Mumbai Diary: Sunday shorts
Calling pint-sized painters
For a while now, the Mahalaxmi Race Course and art have worked in sync — art finds a space in this green lung of SoBo with increasing regularity. Art shows have been held at the Race Course before and this summer, from April 20, the JJ School of Arts, too, will bring its expertise to the Mahalaxmi.
Art and the equine: This month, the Mahalaxmi Race Course will hold a summer art camp for children
The School’s faculty in collaboration with the Royal Western India Turf Club (RWITC) will host a summer art camp for children till April 29, and The JJ School of Art teachers will play guide to the kids. The camp, which will be held at the Hooves at the Turf Club, has got a picture-perfect venue, we think. The sun peeking from the Race Course roof, the dew clinging to the blades of grass in the mornings, puffs of dust raised by the horses’ hooves... Children cannot have it better! Call 23071407 (ext: 264/265) for details.
Look out for these on Marine Drive
Summer is the season to celebrate colours. We were pleasantly surprised to find vibrant purple and pink flowering plants displayed in pots, hung artistically on a few lampposts along Marine Drive.
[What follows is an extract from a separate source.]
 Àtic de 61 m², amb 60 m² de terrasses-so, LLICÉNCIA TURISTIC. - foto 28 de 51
Even the divider had new, fresh look. While we spotted them along a short patch, wouldn’t it be wonderful if the entire city had these brightly hued petals? It would keep anger in control and traffic seem almost bearable. BMC, take notice!
Books, conversations and a barbet
At the far end of Lower Parel’s Raghuvanshi Mills lies Trilogy, the library and bookstore run by Ahalya Naidu and Meethil Momaya.
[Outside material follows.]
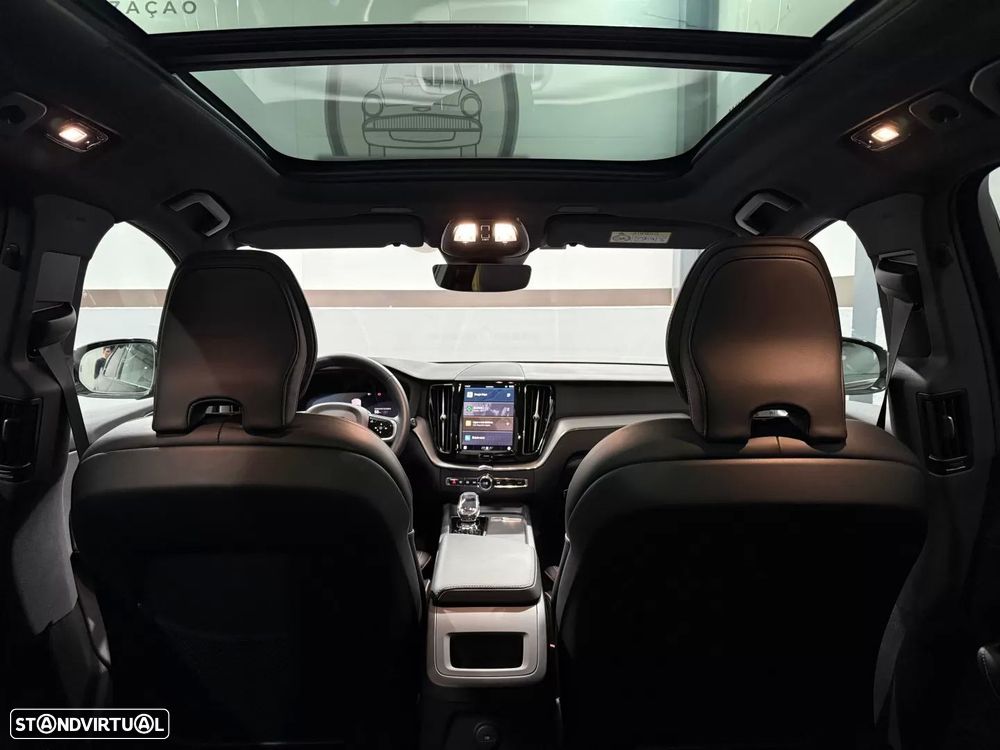 Volvo XC 60 2.0 T6 PHEV Black Edition - 18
Trilogy, the library and bookstore at Raghuvanshi Mills
We recently visited the place very close to its closing hours (8 pm), and found Naidu chatting animatedly with a member, and dismissed our mumbled apologies with a wave of her hand. If you visit the library’s website, or Facebook page, you will know how deeply passionate the founder couple is. But to discover this bookish space for yourself is a different delight.
Book lovers in the city often bemoan the closure of a bookstore or a library, because some of these places are a space for a like-minded community to mingle and gush about books they love. Trilogy is one such place, we discovered. Naidu and Momaya are the sort of librarians we read about but rarely meet — they suggest that book you must read, help you with wonderful discoveries and debate which book cover is better than the other. Trilogy’s collection is well-curated, diverse and edgy; a mix of classics for children and adults, contemporary fiction and travel writing we don’t commonly spot at most bookstores.
We also noticed a board with Trilogy’s future plans. Their Talking Myths series of talks on mythology are insightful, and we were just as keen to note an upcoming book club (travel and Terry Pratchett-related discussions are on the cards). There are also poetry readings in the pipeline.
All this, dear reader, you can experience, too, along with the amusing antics of a barbet outside the window of the library. This little bird crashes into the library’s glass windows hoping to enter. But then, we don’t blame its enthusiasm.